Researchers outside Cherokee have turned to fluent speakers to help unlock that knowledge. An ethno botanist has been systematically recording Cherokee words for native plants and trees.

“In it you find out a little bit more about the innate properties and qualities of those plants. Embedded in that identification process is what that plant is for,” Belt said.

Revitalizing a dying language takes more than simply teaching it to the next generation, however. Proponents early on realized it would take a highly complex strategy on several fronts.

“When we started out we weren’t sure how to do it,” Jackson said.

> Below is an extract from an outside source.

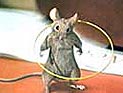 Так же, как полной неожиданностью стала победа мелкого грызуна Aero Mouse - звезды рекламы шоколадных батончиков компании Nestle. Этот забавный мышонок беспрестанно поет и крутит хула-хуп Так же, как полной неожиданностью стала победа мелкого грызуна Aero Mouse - звезды рекламы шоколадных батончиков компании Nestle. Этот забавный мышонок беспрестанно поет и крутит хула-хуп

Until recently, for example, Cherokee didn’t count as a foreign language in the eyes of universities and colleges. It posed a conundrum for high school students, who had to choose between giving up coveted course time in their school day for Cherokee language versus a bona fide foreign language that would pass muster with college admissions officers.

“I learned Spanish before I learned Cherokee,” said Teria Morgan, a recently graduated high school senior from Cherokee, who had to plug away at Spanish during high school to get the requisite foreign language credits under her belt.

A massive effort on the tribe’s part convinced the sixteen universities in the North Carolina system last year to finally recognize Cherokee as a foreign language, freeing up critical time in students’ class schedules to take Cherokee language without giving up college-centric coursework.

At the same time, the tribe had to work through the American Council of Teaching Foreign Languages to get specific certification standards for teachers, an objective way to measure their competence as foreign language instructors.

While the majority of Cherokee youth attend tribally-run schools in Cherokee, a couple of hundred live in surrounding communities and attend public schools off the reservation. The tribe has been working with the public school systems in neighboring counties to offer Cherokee language in those schools by providing a language instructor for free to a school willing to offer the classes.

“At one time people were saying ‘It ain’t going to work. It just ain’t going to work. It never has, it never will,’” Jackson said. “Now they see our kids read, write, talk—even fight and argue—in Cherokee.”

Nowhere else have the components for such a language restoration project fallen into place: a core of fluent speakers, young people with a desire to learn, broad community support and all-important money to make it happen.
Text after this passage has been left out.